What is being asked: Beneath this instruction is a listing; print exactly the lines in it starting at the line that contains "1209 La Mancha Avenue — photo 12" and going through the line that contains "Knap volledig vernieuwd".

━━━━━━━━━━

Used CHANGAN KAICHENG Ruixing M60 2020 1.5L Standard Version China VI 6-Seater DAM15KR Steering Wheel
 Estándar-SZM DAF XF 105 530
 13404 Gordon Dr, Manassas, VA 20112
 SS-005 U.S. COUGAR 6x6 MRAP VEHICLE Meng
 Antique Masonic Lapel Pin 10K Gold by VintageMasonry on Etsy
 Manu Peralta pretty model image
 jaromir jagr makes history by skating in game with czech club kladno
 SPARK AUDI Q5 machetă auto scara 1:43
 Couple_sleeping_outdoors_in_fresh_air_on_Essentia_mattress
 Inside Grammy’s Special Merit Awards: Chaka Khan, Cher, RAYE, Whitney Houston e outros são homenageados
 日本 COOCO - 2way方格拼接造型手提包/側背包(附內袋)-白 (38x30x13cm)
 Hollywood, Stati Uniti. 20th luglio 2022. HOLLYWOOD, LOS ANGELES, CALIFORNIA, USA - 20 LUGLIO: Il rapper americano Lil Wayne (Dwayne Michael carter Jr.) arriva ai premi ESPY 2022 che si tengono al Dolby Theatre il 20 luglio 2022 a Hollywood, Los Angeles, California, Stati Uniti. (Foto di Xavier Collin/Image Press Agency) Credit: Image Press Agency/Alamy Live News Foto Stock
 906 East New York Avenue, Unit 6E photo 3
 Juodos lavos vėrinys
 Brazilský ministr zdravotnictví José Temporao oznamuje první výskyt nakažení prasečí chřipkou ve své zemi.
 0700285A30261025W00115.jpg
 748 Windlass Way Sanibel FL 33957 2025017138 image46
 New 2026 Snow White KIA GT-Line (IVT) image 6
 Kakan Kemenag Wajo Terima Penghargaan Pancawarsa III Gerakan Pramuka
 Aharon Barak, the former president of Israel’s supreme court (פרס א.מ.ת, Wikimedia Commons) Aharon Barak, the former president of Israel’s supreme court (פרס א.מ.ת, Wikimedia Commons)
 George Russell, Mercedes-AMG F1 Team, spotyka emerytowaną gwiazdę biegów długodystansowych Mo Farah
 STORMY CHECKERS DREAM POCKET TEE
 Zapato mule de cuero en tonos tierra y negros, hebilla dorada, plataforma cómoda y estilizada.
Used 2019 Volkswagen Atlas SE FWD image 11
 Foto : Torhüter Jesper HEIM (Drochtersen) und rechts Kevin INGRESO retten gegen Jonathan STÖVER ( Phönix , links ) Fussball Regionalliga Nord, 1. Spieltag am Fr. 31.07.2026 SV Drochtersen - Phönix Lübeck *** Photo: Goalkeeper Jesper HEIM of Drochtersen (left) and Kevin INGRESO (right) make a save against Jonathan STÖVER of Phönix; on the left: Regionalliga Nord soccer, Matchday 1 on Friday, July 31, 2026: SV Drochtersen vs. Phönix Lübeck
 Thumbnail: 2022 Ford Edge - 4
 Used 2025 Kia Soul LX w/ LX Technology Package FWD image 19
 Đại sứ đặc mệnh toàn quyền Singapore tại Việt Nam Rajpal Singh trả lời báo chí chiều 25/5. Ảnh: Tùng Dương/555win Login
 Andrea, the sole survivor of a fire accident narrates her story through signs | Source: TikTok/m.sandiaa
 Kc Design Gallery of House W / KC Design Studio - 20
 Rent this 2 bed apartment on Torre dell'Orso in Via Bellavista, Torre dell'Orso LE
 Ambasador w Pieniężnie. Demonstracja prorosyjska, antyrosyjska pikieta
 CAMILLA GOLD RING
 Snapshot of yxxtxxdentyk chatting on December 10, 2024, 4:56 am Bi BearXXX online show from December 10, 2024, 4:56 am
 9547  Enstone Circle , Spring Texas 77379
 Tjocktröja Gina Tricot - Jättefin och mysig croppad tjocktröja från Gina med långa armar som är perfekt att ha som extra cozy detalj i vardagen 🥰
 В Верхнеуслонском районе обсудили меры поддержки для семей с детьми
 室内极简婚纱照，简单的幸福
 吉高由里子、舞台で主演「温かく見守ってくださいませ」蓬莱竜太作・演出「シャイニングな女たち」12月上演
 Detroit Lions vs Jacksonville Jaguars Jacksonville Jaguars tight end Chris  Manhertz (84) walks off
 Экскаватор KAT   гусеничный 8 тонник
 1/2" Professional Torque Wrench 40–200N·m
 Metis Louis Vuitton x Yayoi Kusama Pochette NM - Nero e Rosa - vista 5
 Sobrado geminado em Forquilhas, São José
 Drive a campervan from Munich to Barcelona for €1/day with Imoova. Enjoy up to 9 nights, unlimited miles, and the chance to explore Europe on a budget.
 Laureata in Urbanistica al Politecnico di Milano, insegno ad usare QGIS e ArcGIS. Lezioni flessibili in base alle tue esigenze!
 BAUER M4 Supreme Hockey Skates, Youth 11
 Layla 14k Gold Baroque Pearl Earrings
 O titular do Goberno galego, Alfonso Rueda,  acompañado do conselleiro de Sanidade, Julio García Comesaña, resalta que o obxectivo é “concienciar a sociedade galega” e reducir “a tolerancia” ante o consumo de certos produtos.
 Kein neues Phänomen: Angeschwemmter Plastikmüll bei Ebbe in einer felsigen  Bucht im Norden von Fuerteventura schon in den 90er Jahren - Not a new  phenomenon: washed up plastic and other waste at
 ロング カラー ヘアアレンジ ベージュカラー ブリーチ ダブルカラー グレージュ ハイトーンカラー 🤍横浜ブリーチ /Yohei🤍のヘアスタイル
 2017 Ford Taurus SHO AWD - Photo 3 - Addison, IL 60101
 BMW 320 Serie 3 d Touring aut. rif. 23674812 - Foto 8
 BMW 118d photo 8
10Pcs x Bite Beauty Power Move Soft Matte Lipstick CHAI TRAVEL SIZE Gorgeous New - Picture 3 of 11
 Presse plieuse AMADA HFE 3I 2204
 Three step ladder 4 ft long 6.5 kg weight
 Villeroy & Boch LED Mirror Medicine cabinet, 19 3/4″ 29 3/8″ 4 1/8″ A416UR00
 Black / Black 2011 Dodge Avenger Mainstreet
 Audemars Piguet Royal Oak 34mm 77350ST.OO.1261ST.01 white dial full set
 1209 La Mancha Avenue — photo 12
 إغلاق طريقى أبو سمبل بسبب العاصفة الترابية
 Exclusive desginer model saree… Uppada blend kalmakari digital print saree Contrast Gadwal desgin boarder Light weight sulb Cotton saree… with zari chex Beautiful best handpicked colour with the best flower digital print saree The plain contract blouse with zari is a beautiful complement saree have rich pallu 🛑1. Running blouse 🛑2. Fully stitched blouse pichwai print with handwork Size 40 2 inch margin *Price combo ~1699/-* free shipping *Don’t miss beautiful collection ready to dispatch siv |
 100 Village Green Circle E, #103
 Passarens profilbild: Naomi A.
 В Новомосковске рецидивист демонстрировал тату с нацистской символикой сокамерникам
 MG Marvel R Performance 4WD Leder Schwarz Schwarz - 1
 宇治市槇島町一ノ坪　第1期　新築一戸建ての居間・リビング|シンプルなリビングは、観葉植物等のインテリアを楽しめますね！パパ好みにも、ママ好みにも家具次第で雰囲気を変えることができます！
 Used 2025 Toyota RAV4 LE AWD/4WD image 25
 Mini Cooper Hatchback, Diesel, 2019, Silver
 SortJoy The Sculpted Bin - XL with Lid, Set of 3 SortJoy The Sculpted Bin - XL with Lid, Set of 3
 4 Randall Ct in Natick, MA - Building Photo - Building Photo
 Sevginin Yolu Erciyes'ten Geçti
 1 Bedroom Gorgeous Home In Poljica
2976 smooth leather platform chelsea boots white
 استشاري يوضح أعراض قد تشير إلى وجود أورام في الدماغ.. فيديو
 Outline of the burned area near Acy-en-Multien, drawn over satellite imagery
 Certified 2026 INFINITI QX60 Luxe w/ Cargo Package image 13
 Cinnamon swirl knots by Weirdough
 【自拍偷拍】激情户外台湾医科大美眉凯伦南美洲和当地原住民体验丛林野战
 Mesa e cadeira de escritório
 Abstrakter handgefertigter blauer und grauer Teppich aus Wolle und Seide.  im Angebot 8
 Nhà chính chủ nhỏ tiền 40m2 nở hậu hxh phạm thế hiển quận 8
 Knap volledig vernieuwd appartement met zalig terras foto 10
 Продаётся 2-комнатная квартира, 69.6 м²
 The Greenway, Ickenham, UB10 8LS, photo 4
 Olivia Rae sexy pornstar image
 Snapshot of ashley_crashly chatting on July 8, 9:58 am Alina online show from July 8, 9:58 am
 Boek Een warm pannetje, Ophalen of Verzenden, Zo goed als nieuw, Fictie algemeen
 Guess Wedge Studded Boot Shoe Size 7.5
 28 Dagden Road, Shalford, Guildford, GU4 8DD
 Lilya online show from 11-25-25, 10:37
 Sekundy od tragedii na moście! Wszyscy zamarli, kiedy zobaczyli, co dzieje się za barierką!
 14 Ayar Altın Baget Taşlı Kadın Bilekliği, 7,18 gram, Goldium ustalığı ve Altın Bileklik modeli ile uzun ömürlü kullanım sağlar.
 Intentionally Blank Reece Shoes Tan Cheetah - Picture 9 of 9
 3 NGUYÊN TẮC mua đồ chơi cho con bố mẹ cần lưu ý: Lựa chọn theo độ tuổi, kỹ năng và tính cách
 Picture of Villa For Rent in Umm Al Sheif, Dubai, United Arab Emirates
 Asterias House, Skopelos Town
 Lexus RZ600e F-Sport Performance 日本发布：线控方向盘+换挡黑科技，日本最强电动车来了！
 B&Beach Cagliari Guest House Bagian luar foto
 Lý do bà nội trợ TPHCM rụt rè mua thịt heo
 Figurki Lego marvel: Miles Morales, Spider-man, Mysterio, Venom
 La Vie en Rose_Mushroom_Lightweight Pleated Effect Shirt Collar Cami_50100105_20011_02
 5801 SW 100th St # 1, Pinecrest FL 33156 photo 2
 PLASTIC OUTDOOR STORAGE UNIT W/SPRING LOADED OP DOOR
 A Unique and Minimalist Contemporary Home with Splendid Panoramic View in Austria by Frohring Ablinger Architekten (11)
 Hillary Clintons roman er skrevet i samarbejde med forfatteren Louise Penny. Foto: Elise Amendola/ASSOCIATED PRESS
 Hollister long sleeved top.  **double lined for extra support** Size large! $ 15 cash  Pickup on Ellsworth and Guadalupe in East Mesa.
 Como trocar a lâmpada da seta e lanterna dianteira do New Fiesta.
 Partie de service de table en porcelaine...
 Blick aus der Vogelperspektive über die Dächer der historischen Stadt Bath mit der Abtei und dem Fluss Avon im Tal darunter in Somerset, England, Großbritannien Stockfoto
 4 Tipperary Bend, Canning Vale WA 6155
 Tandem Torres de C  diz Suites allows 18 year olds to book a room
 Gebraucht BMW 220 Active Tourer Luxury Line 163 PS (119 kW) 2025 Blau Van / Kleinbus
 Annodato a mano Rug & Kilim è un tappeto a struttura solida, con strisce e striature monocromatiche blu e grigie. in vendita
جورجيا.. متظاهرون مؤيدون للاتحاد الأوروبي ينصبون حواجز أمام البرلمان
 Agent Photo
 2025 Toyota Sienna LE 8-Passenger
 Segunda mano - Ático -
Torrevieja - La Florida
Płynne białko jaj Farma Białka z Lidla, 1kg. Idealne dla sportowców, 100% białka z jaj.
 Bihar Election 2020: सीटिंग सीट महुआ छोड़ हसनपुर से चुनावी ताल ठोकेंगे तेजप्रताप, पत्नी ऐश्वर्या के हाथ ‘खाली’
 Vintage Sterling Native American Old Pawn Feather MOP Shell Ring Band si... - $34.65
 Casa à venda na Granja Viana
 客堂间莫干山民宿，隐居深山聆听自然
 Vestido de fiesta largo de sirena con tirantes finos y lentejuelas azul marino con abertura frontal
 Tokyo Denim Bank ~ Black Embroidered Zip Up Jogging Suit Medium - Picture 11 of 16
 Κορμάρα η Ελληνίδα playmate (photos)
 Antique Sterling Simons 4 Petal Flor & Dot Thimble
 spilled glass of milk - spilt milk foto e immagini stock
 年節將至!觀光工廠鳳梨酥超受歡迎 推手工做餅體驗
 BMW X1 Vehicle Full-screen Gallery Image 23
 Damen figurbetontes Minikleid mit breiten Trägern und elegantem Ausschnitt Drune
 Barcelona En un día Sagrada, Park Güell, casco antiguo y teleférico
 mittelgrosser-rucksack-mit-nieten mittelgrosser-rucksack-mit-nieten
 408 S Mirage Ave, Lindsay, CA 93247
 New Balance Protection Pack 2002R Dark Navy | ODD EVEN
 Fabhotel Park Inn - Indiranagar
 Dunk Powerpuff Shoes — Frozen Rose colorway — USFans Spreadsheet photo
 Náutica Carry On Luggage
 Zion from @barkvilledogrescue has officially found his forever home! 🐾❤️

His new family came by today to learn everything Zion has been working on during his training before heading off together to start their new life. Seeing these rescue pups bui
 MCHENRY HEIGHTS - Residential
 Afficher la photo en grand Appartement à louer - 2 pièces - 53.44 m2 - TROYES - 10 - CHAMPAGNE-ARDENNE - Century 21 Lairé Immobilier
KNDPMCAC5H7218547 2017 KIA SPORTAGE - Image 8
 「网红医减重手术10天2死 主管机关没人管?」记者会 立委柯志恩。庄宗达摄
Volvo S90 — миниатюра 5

━━━━━━━━━━

Answer to the problem:
 1209 La Mancha Avenue — photo 12
 إغلاق طريقى أبو سمبل بسبب العاصفة الترابية
 Exclusive desginer model saree… Uppada blend kalmakari digital print saree Contrast Gadwal desgin boarder Light weight sulb Cotton saree… with zari chex Beautiful best handpicked colour with the best flower digital print saree The plain contract blouse with zari is a beautiful complement saree have rich pallu 🛑1. Running blouse 🛑2. Fully stitched blouse pichwai print with handwork Size 40 2 inch margin *Price combo ~1699/-* free shipping *Don’t miss beautiful collection ready to dispatch siv |
 100 Village Green Circle E, #103
 Passarens profilbild: Naomi A.
 В Новомосковске рецидивист демонстрировал тату с нацистской символикой сокамерникам
 MG Marvel R Performance 4WD Leder Schwarz Schwarz - 1
 宇治市槇島町一ノ坪　第1期　新築一戸建ての居間・リビング|シンプルなリビングは、観葉植物等のインテリアを楽しめますね！パパ好みにも、ママ好みにも家具次第で雰囲気を変えることができます！
 Used 2025 Toyota RAV4 LE AWD/4WD image 25
 Mini Cooper Hatchback, Diesel, 2019, Silver
 SortJoy The Sculpted Bin - XL with Lid, Set of 3 SortJoy The Sculpted Bin - XL with Lid, Set of 3
 4 Randall Ct in Natick, MA - Building Photo - Building Photo
 Sevginin Yolu Erciyes'ten Geçti
 1 Bedroom Gorgeous Home In Poljica
2976 smooth leather platform chelsea boots white
 استشاري يوضح أعراض قد تشير إلى وجود أورام في الدماغ.. فيديو
 Outline of the burned area near Acy-en-Multien, drawn over satellite imagery
 Certified 2026 INFINITI QX60 Luxe w/ Cargo Package image 13
 Cinnamon swirl knots by Weirdough
 【自拍偷拍】激情户外台湾医科大美眉凯伦南美洲和当地原住民体验丛林野战
 Mesa e cadeira de escritório
 Abstrakter handgefertigter blauer und grauer Teppich aus Wolle und Seide.  im Angebot 8
 Nhà chính chủ nhỏ tiền 40m2 nở hậu hxh phạm thế hiển quận 8
 Knap volledig vernieuwd appartement met zalig terras foto 10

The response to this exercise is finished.